Wei Chen nodded, filing the feedback away.

 

They rotated partners. Wei Chen faced a girl maybe thirteen, advanced Darkness magic. She crushed him in ninety seconds, demonstrating the gulf between intermediate and advanced power levels.

Third partner was closer to Wei Chen's capability — another new Outer Disciple who'd barely passed entrance exam. They fought to mutual exhaustion, neither winning decisively.

By session's end, Wei Chen had fought six different opponents. Won once. Lost four times. Drew once.

Feng called the group together. "You all survived. Good. Tomorrow we add weapons. Bring practice blades — wooden or steel, your choice. Steel cuts better but mistakes are more permanent. Decide which trade-off you prefer."

 

The session ended. Students dispersed toward bathing facilities or medical attention.

Wei Chen's shoulder needed cleaning but not stitching. He headed to his room, exhausted but satisfied.

First day complete. Schedule understood. Training begun. Feng's presence confirmed.

The Sanctuary was exactly what Elder Shen had described — harsh, demanding, unforgiving. But also structured. Fair in its own brutal way. Competence rewarded. Weakness punished. Simple rules.

Wei Chen cleaned his shoulder, changed into fresh robes, and headed to dinner.

The common hall felt different now — less foreign, more familiar. He knew the schedule, the rules, the basic hierarchy. Tomorrow would bring more challenges, but tonight he understood where he stood.

At the bottom. Rank fifty-four out of sixty-one.

But that was acceptable. Expected, even. He was nine years old, youngest Outer Disciple, freshly arrived. Starting at the bottom made sense.

Climbing from the bottom was just another challenge.

 

Wei Chen ate dinner alone, observing the social dynamics around him. Groups and alliances. Rivalries and friendships. The complex web of relationships that governed Sanctuary life.

He'd navigate it carefully. Build connections strategically. Avoid making enemies unnecessarily while also not appearing weak or desperate for approval.

The same pragmatic approach that had worked in his hometown would work here.
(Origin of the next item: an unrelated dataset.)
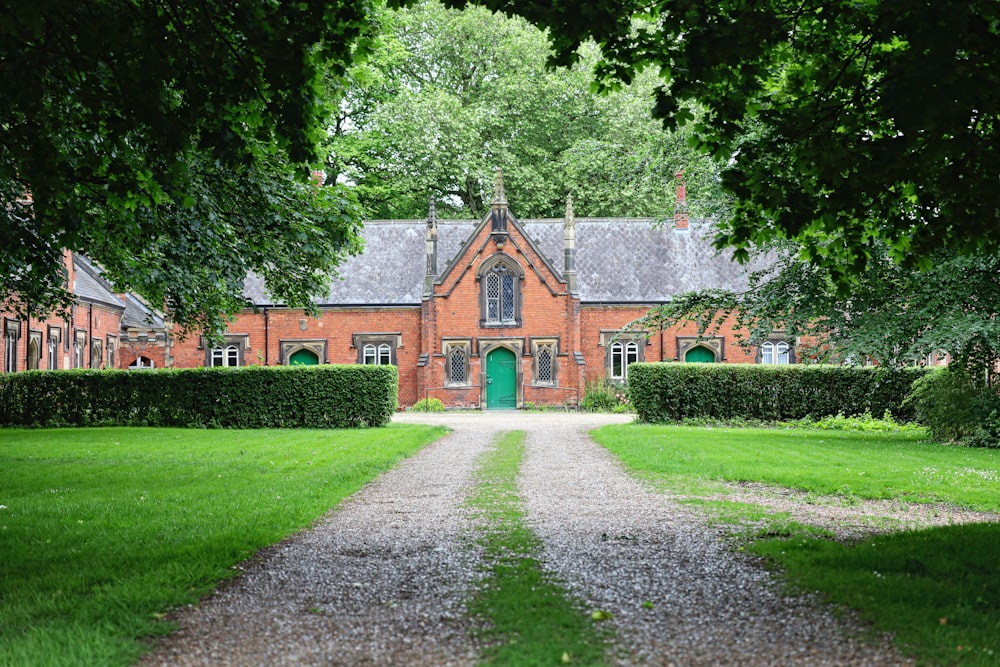 a large brick house with a green door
Just larger scale.

After dinner, Wei Chen returned to his room. He pulled out parchment and began writing notes — observations about instructors, technique insights from library study, strategic thoughts about monthly rankings.
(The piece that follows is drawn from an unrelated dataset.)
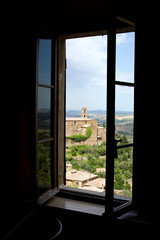 A view on the Tuscan old town and surrounding landscape from a window.
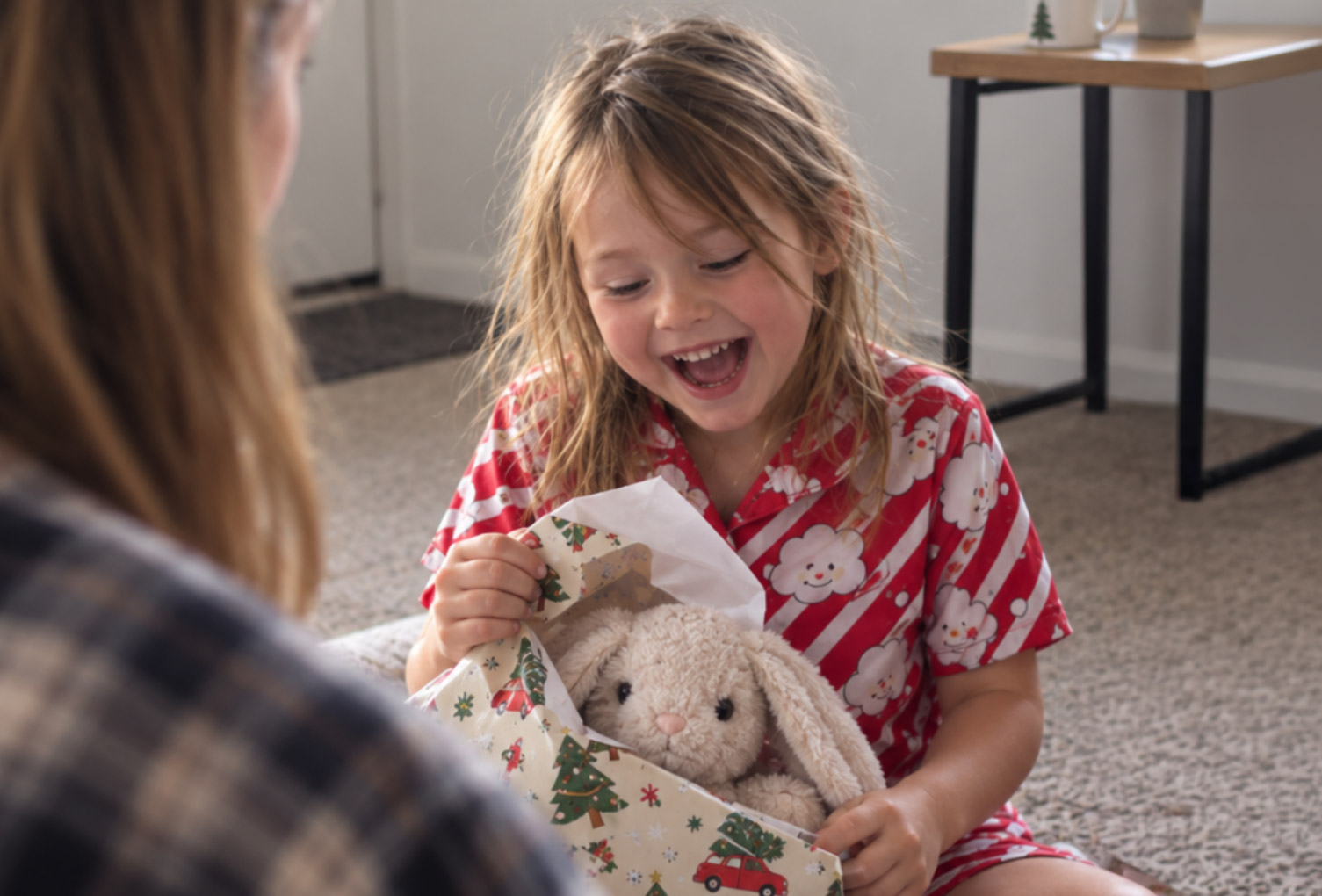 A happy child opening a Christmas gift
At midnight, the curfew bells rang. Wei Chen extinguished his candle and lay in bed, staring at darkness.

Temple lessons had been kindergarten. Elder Shen's training had been foundations. This — Shadow Sanctuary — this was real education.

Three years here minimum. Probably longer. Outer Disciple to Inner Disciple to Core Disciple. Each rank requiring demonstrated competence. Each advancement earned through skill and survival.

 

Wei Chen thought about his parents. About Lian Xiu. About promises to return.

He'd return. Eventually. After he'd become what he needed to become.

But that was years away. Right now, he was rank forty-six, nine years old, at the bottom of a hierarchy designed to break the weak and forge the strong.

Wei Chen smiled in the darkness.

He'd been at the bottom before. In his hometown, marked by Darkness magic, isolated and feared.

He'd climbed from there. He'd climb from here too.

Higher. Faster. Further than anyone expected.

Because expectations meant nothing. Only results mattered.

And Wei Chen intended to produce exceptional results.